* **EXERCISE GOAL**:
The records that follow must be repeated exactly, except for their pictures.

Data extracted from a collection
=-=-=
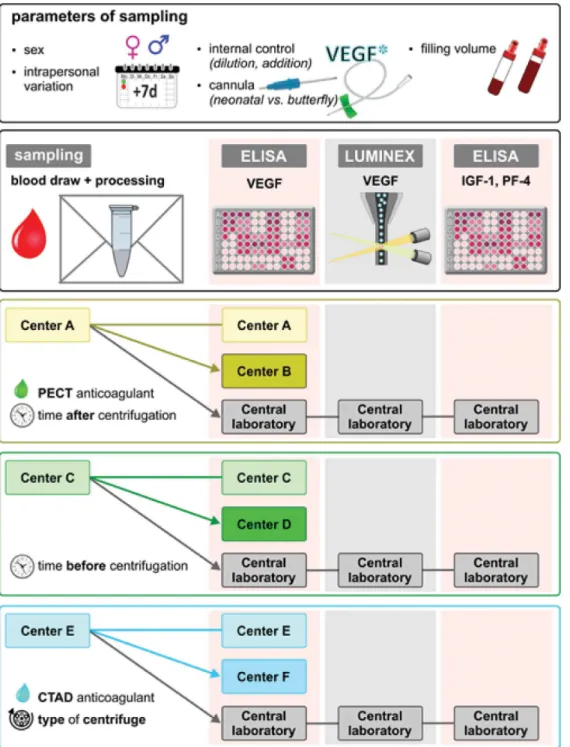 Fig 1. Overview of sample acquisition procedures and the distribution of samples from blood acquisition centers to measuring centers and central laboratory.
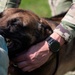 Tactical Paws: 51st SFS Conducts Bite Training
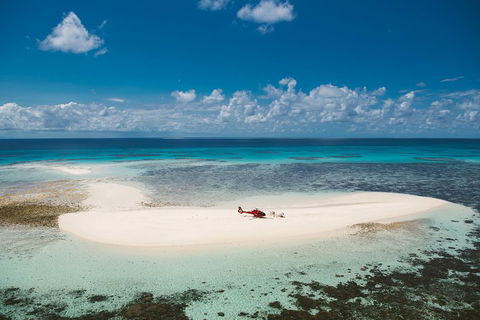 Private Helicopter Tour: Reef Island Snorkeling And Gourmet Picnic Lunch - Gold Coast Attractions 4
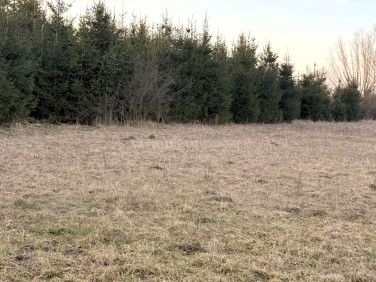 Działka budowlano-rolna Koszajec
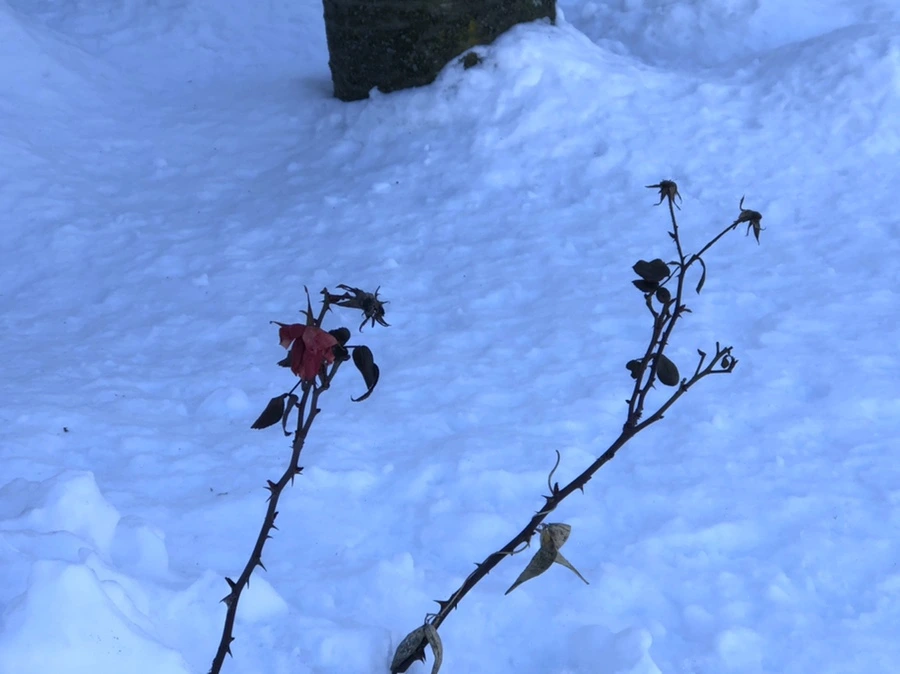 IMG_1368.jpg?type=w966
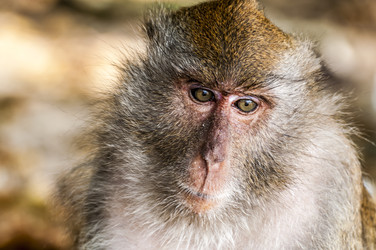 Similar image 22199719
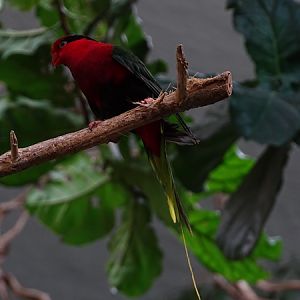 Mount Goliath stelle lory (Charmosyna stellae goliathina)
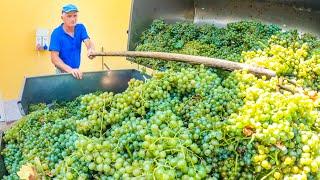 Facciamo il VINO 2022 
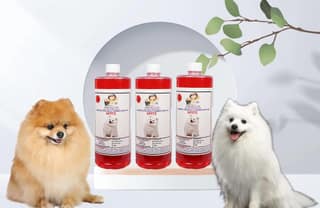 Shampoo Specially Formulated for Jasmine (Spitz 3 Litre)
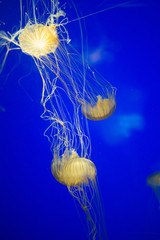 jellyfish in water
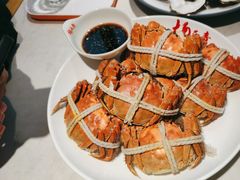 -杨氏青龙虾·羊蝎子(金盛路总店)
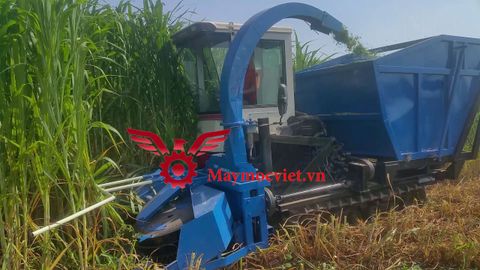 Máy cắt cỏ voi liên hoàn thế hệ mới VMLH04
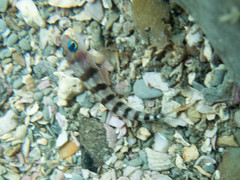 Notoclinops segmentatus
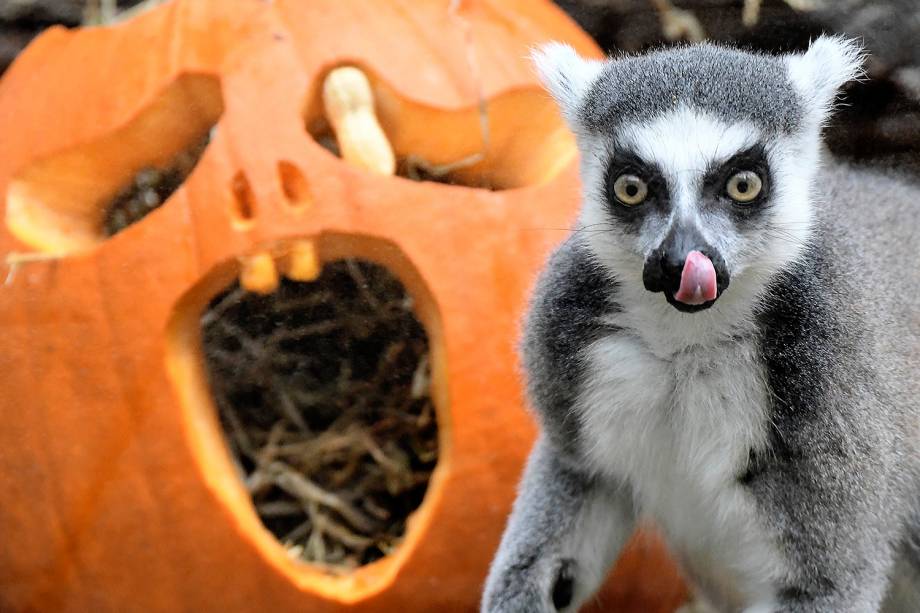 Lêmure interage com uma abóbora esculpida para o dia do Halloween no zoológico de Hanover, na Alemanha - 25/10/2018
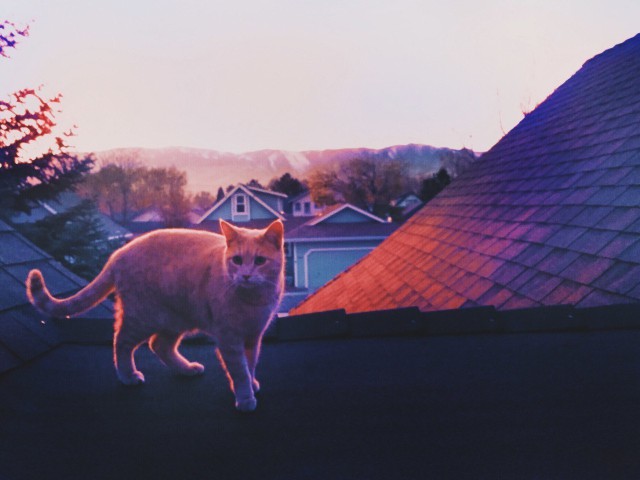 Коты и Кошки
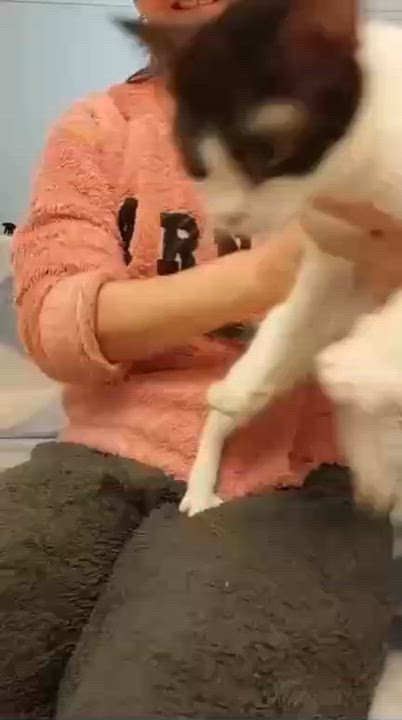 Enlarge Zizi , a ADOPTABLE mixed breed in Brampton, ON video 4/4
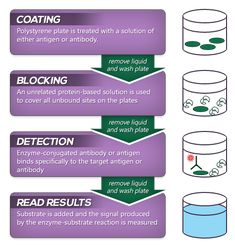 an info sheet describing how to use different types of liquids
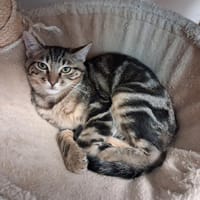 onolulu, chat à adopter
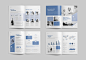 企业产品介绍海报传单折页模版素材下载Company Profile 2018插图(2)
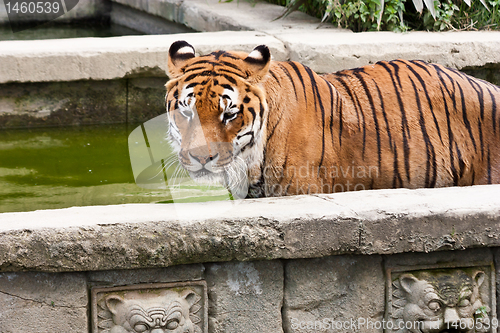 Image of Danger: hungry tiger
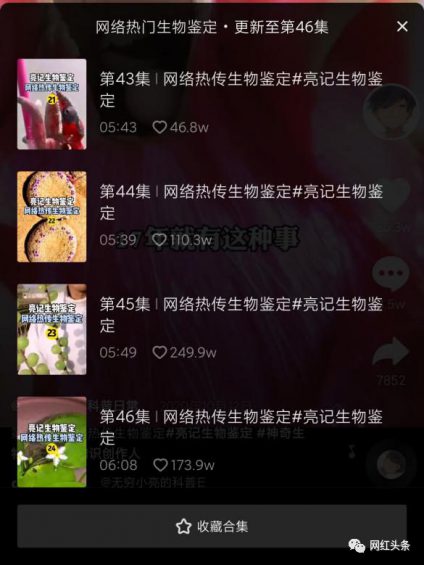 951 抖音7天吸粉111万，揭秘《无穷小亮》的涨粉科普日常！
=-=-=
* **SOLUTION FOR THIS EXERCISE**:
 Fig 1. Overview of sample acquisition procedures and the distribution of samples from blood acquisition centers to measuring centers and central laboratory.
 Tactical Paws: 51st SFS Conducts Bite Training
 Private Helicopter Tour: Reef Island Snorkeling And Gourmet Picnic Lunch - Gold Coast Attractions 4
 Działka budowlano-rolna Koszajec
 IMG_1368.jpg?type=w966
 Similar image 22199719
 Mount Goliath stelle lory (Charmosyna stellae goliathina)
 Facciamo il VINO 2022 
 Shampoo Specially Formulated for Jasmine (Spitz 3 Litre)
 jellyfish in water
 -杨氏青龙虾·羊蝎子(金盛路总店)
 Máy cắt cỏ voi liên hoàn thế hệ mới VMLH04
 Notoclinops segmentatus
 Lêmure interage com uma abóbora esculpida para o dia do Halloween no zoológico de Hanover, na Alemanha - 25/10/2018
 Коты и Кошки
 Enlarge Zizi , a ADOPTABLE mixed breed in Brampton, ON video 4/4
 an info sheet describing how to use different types of liquids
 onolulu, chat à adopter
 企业产品介绍海报传单折页模版素材下载Company Profile 2018插图(2)
 Image of Danger: hungry tiger
 951 抖音7天吸粉111万，揭秘《无穷小亮》的涨粉科普日常！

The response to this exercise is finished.